Adam Smith would probably join the Northern Heritage Party if he were alive today! The man was a bloody radical!

But Smith wrote this stuff more than 238 years ago. Let’s look at a more recent work. Lange, Mahoney, Matthias and vom Hau, for example, talk about how colonialism reversed the development pattern in much of the non-European world. Prosperous areas were dragged down, but the sparsely populated, underdeveloped areas often became relatively successful countries. This is not too different from what Adam Smith saw happening more than 200 years ago.

In the prosperous areas the colonial powers simply took over — they set up their own governmental structures and started pumping resources out. The regions where Europeans settled were generally thinly populated like Northern Ontario. As the settler populations grew they expected to have a say in running their new lands (often newly stolen) and they expected to keep most of the wealth they produced. This is not like Northern Ontario. Northern Ontario became a settler economy without self-government, where the goal of the European colonial power (which turned out to be Toronto) was to extract as much wealth as possible.

In successful settler states, land policies reinforced small land owners and prevented the formation of powerful elites. Monopolistic control of resources was blocked.
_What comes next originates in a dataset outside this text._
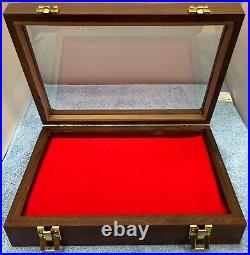 Pistol Gun Presentation Case Glass Top Wood Box Walther P38 P1 Style Pistols 9mm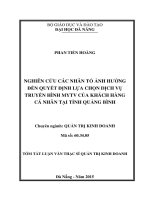 Nghiên cứu các nhân tố ảnh hưởng đến ý định lựa chọn dịch vụ truyền hình MYTV của khách hàng cá nhân tại Tỉnh Quảng Bình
Northern Ontario’s forest tenure system is exactly the opposite of what worked for the successful states. Big companies control the land base. Economically it resembles the plantation system of the southern U.S. or the giant estates of Latin South America. Those systems retarded development.

So, Adam, are you happy to know that recent research on colonialism supports your theory about what makes some nations do well?

And one more thing, Adam: could we get you to do a speaking tour in Northern Ontario?